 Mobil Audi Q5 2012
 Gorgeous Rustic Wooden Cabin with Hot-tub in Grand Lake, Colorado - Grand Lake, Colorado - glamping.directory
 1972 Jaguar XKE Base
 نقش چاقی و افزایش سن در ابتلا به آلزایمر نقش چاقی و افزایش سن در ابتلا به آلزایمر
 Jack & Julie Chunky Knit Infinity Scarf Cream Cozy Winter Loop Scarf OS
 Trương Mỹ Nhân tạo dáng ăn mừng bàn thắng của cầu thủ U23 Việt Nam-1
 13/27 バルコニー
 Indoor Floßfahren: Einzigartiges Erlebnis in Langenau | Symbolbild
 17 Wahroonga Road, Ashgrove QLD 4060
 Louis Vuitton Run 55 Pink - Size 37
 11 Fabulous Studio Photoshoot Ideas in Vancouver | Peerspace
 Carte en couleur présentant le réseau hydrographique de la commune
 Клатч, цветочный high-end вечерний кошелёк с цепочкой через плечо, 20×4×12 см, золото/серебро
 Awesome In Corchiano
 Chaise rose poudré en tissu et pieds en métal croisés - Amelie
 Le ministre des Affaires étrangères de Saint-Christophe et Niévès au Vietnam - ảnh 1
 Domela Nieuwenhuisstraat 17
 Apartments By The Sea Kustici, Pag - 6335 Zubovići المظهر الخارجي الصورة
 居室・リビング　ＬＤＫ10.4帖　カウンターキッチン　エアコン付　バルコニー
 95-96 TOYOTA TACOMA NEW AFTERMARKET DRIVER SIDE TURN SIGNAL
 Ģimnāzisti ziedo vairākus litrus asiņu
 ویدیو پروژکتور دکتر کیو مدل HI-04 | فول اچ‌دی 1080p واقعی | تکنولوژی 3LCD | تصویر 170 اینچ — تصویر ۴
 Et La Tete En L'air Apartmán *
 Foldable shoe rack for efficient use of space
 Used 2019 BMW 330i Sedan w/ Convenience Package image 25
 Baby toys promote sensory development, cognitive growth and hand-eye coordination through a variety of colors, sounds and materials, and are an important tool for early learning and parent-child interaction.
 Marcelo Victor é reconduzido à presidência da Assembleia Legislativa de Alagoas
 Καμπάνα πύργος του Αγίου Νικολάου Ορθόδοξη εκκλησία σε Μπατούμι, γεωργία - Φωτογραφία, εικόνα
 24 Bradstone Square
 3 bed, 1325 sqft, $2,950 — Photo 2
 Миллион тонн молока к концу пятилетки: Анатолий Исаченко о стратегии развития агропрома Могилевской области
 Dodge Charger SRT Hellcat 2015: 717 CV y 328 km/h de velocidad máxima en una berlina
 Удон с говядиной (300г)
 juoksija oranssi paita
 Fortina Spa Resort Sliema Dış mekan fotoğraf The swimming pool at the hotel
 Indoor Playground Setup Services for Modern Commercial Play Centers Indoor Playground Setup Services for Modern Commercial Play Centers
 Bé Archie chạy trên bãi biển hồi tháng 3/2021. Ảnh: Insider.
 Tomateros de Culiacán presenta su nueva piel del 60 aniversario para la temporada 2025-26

+++++

Problem details> Scan the records above for the lines holding "11 Fabulous Studio" and "Domela Nieuwenhuisstraat 17". Transcribe those two and every line between them word for word, and no others.

Task output>
 11 Fabulous Studio Photoshoot Ideas in Vancouver | Peerspace
 Carte en couleur présentant le réseau hydrographique de la commune
 Клатч, цветочный high-end вечерний кошелёк с цепочкой через плечо, 20×4×12 см, золото/серебро
 Awesome In Corchiano
 Chaise rose poudré en tissu et pieds en métal croisés - Amelie
 Le ministre des Affaires étrangères de Saint-Christophe et Niévès au Vietnam - ảnh 1
 Domela Nieuwenhuisstraat 17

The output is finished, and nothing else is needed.